FCM Data Clustering task showing the Input data drop-down expanded and the pointer over the the third entry, fcmdata3.

Under Clustering Options, configure the clustering algorithm. For this example, set the Number of clusters to [2 3 4 5]. The task computes clusters for each cluster count in Number of clusters and returns the clustering results for the optimal number of clusters.

Keep the remaining options at their default values.

FCM Data clustering task with the Clustering Options section expanded. The Number of clusters parameter is highlighted with four cluster values, 2, 3, 4, and 5.

To cluster the data, click the Run current section button . The task clusters the data and plots the results. The task also returns the cluster centers, partition matrix, and objective function values as centers, U, and objFcn, respectively.

The nondiagonal plot shows each data point classified into the cluster for which it has the highest membership value. The diagonal axes show the marginal cluster membership sets for each feature.

The clustering terminates after around 12 iterations. The output argument objFcn returns the objective function value for each iteration. The final minimum objective function value is around 4.6.

To improve the clustering results and reduce the final objective function value, cluster the data using Mahalanobis distance rather than the default Euclidean distance. The Mahalanobis distance metric generally performs better for nonspherical clusters.

Under Distance metric, select Mahalanobis.

For this clustering operation, display the cluster centers. Under Display Results, select the Show cluster centers.

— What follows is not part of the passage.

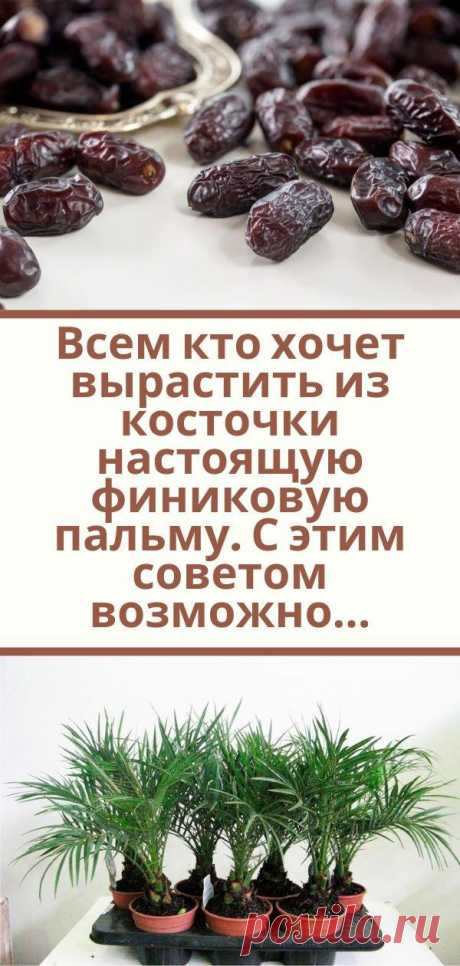 Всем кто хочет вырастить из косточки настоящую финиковую пальму. С этим советом возможно…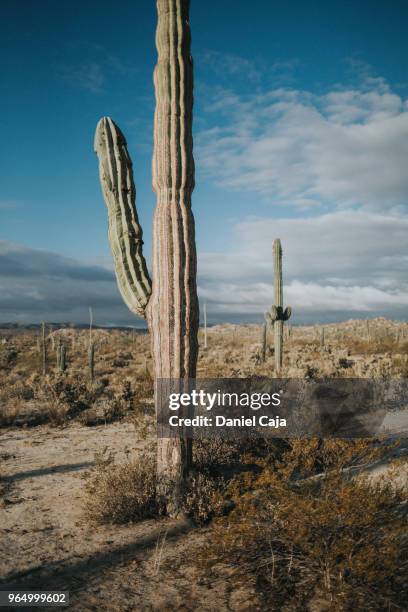 kaktuslandschaft in mexiko - cactus cardon photos et images de collection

To avoid overwriting the previous clustering results, in the top section of the task, modify the output argument names to centers2, U2, objFcn2, and info2.

Also, since the previous clustering operation found that four clusters was optimal, set Number of clusters to 4.

At the top of the task, the output argument names are changed. Under Clustering Options, Number of clusters is set to 4, the Distance metric value is Mahalanobis, and the Show cluster centers parameter is selected.

Run the task to cluster the data. The resulting marginal cluster membership values have sharper transitions. Also, the minimum objective function value in objFcn2 is around 0.17, which is significantly lower than the first clustering operation.

Related Examples

Parameters

expand all

Select Data

Specify input data as a matrix with Nd rows, where Nd is the number of data points. The number of columns in the data is equal to the data dimensionality, that is, the number of features in each data point.

Clustering Options

Number of clusters to create, Nc, specified as one of these values:

  • auto — Cluster the data ten times (Nc = 2 through 11).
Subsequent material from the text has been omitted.